Recorded information
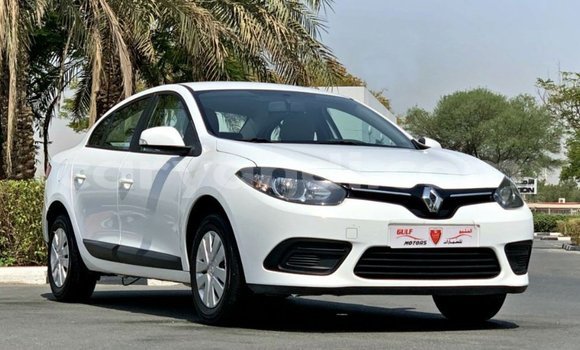 Buy Import Renault Fluence White Car in Import - Dubai in Zambia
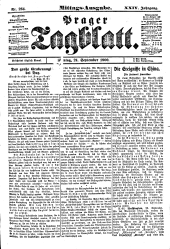 Prager Tagblatt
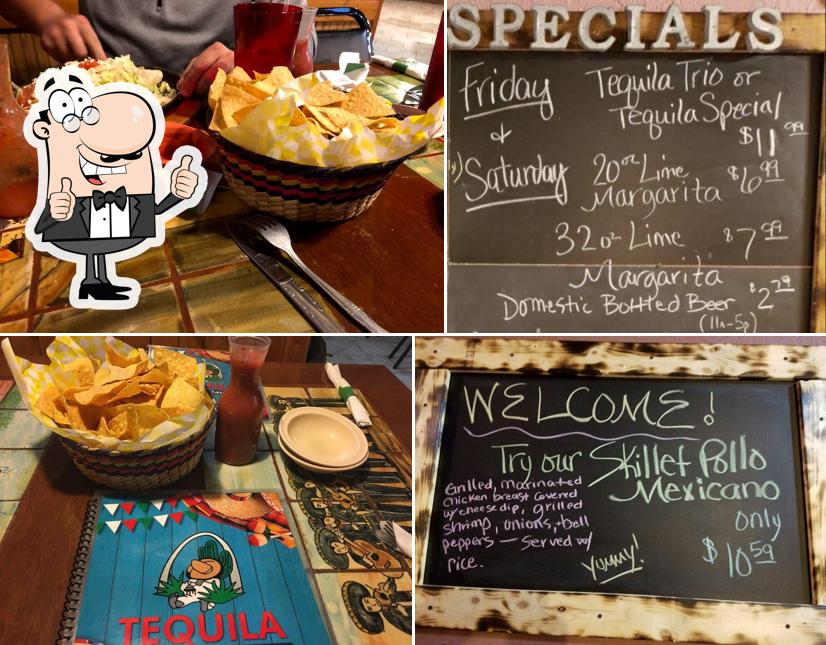Tequila Mexican Restaurant in Saint Charles Restaurant menu and reviews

Your assignment
What's needed is a word-for-word retyping of the listing, minus its pictures.

Worked solution
 Buy Import Renault Fluence White Car in Import - Dubai in Zambia
 Prager Tagblatt
Tequila Mexican Restaurant in Saint Charles Restaurant menu and reviews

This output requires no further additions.